For this exercise, reproduce the entries below exactly, but only from the line containing "People drape a" through the line containing "Noam Galai/Getty Images", both included.
:: Task data
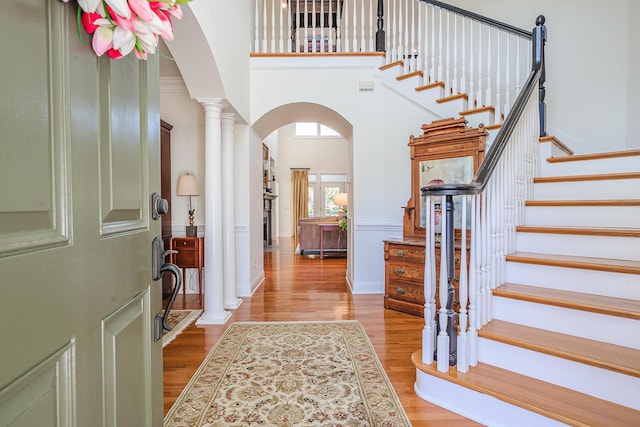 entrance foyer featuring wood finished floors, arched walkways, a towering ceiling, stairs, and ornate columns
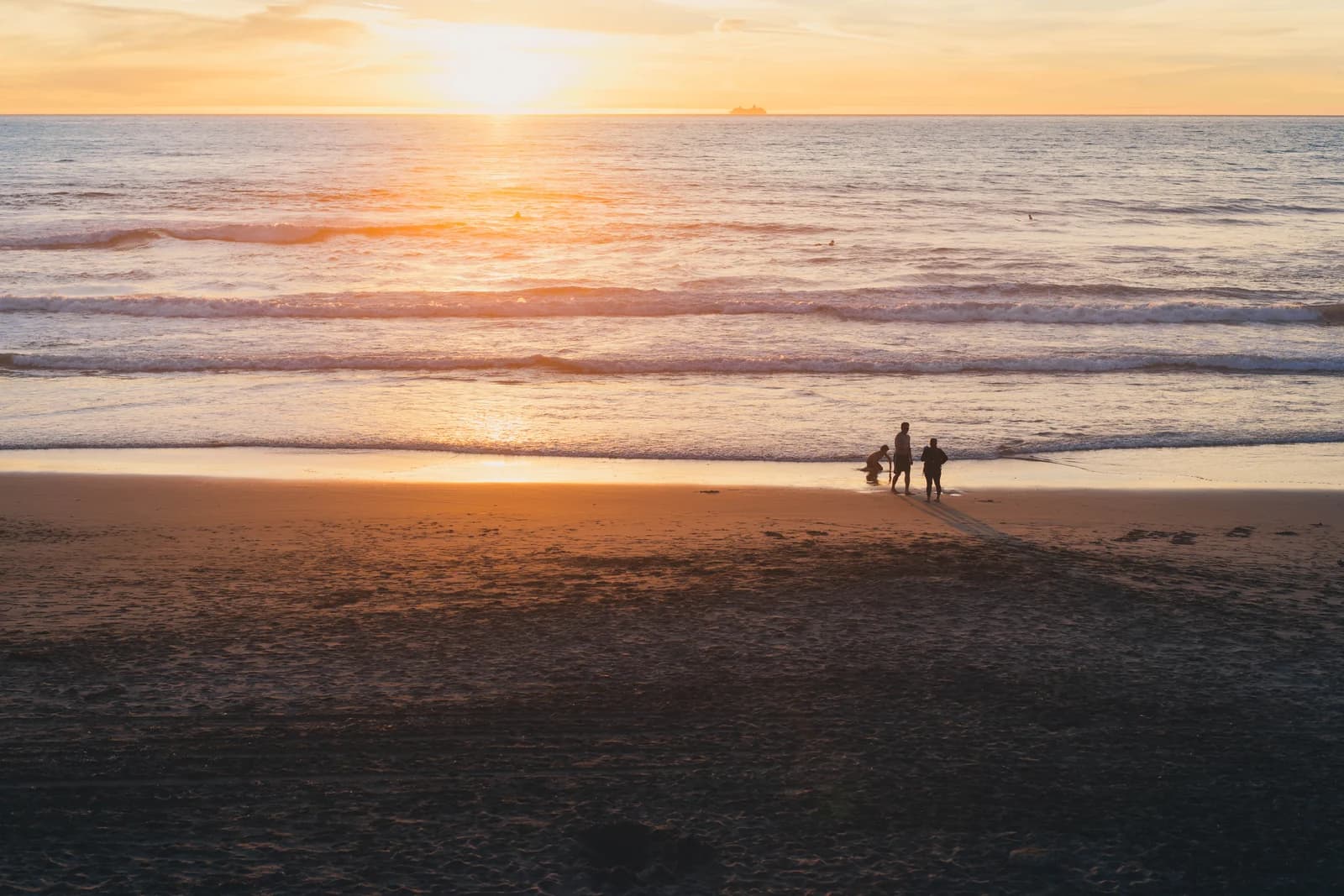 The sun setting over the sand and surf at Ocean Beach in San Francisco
::::
:: Task data
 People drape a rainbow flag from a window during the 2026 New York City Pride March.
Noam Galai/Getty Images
::::
▸ **Task answer**
 People drape a rainbow flag from a window during the 2026 New York City Pride March.
Noam Galai/Getty Images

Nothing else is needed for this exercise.